Paul Yew and others,

There are a number of Committee members that are concerned about (and,
indeed, have serious reservations about) the probable side effects of
superimposing comparatively high current DC on the signaling pairs. To date
we have had no systematic demonstration by Cisco or anyone else that this
arrangement is benign, and one of the charter items for the Committee is
that the DC powering scheme chosen "shall not degrade the transmission
environment".

And, as it happens, Cisco apparently did not choose to adopt some of the
isolation requirements that the Committee reaffirmed from existing 802.3
standards.

So it isn't quite such an opened-and-closed book situation as the marketing
hype would have you believe.

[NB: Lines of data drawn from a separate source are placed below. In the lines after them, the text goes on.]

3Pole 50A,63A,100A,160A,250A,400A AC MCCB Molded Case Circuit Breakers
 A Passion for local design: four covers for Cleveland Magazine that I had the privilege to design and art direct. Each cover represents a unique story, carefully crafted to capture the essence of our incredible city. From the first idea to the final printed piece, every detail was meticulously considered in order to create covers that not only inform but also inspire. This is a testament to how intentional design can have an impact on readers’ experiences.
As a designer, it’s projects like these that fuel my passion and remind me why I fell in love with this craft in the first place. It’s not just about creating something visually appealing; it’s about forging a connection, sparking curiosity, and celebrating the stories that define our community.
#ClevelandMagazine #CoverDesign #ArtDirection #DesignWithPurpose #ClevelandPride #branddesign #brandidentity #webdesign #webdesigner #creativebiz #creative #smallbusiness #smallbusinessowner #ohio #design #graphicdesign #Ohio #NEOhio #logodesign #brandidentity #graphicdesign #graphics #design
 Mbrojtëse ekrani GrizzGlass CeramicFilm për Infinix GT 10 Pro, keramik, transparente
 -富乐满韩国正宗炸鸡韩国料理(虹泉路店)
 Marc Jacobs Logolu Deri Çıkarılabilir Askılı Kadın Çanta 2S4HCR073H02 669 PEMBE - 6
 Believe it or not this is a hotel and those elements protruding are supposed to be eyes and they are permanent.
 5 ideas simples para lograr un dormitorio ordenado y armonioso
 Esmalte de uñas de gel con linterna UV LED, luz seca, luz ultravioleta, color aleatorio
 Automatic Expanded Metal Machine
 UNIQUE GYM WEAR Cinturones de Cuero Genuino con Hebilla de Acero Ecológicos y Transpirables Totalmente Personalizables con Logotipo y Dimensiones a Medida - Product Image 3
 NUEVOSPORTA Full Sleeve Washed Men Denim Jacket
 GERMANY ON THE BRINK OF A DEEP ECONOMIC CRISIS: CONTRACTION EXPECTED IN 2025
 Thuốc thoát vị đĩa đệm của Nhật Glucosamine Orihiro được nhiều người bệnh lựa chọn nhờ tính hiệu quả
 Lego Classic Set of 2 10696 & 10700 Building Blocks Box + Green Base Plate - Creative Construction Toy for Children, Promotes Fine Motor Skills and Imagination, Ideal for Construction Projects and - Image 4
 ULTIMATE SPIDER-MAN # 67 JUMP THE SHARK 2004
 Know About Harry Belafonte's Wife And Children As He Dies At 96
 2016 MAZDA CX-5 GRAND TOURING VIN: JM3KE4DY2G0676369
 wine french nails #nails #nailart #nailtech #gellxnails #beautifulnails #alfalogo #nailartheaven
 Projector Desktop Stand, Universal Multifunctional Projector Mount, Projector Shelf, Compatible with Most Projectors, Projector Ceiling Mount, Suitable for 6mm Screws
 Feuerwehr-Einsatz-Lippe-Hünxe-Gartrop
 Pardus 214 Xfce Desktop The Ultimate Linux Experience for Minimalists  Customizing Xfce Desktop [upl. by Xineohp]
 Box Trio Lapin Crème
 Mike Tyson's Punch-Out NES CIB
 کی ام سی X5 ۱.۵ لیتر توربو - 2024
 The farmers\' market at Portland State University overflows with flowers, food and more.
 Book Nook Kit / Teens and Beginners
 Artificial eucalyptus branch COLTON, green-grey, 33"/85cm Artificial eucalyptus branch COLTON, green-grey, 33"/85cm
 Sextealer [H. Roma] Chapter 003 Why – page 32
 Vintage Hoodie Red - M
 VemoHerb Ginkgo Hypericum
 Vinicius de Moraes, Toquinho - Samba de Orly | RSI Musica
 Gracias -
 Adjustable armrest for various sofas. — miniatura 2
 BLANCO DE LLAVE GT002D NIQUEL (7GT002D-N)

And the onus is on Cisco to provide enough
information to make their case, the "trust us" statements appearing here
notwithstanding.

At the March meeting Cisco asked the question "what do we have to do to
convince the Committee?". I have posted an answer to this at the IEEE
802.3af public web site:

	http://grouper.ieee.org/groups/802/3/af/public/mar00/index.html

It is titled "Recommended quantitative measurements of the parameters" and
is comprised of extracts from IEEE 802.3 and ANSI TP-PMD specifications.
These are the "numbers" that we all test our products against (hopefully)
and constitute the criteria for which ANY scheme (not just Cisco's) will
have to pass muster, in addition to the special requirements set forth by
the Committee.

I am sure that most of the Committee members are familiar with these
criteria, particularly in view of the fact that  many of the members
participated in the standards committees that drew up these requirements in
the first place.

A solid presentation of measurements of these parameters in an actual
operating system (with margins, not just PASS or FAIL results) would do a
lot to give the Committee sufficient information to evaluate the viability
of the Cisco design or any other that is proposed.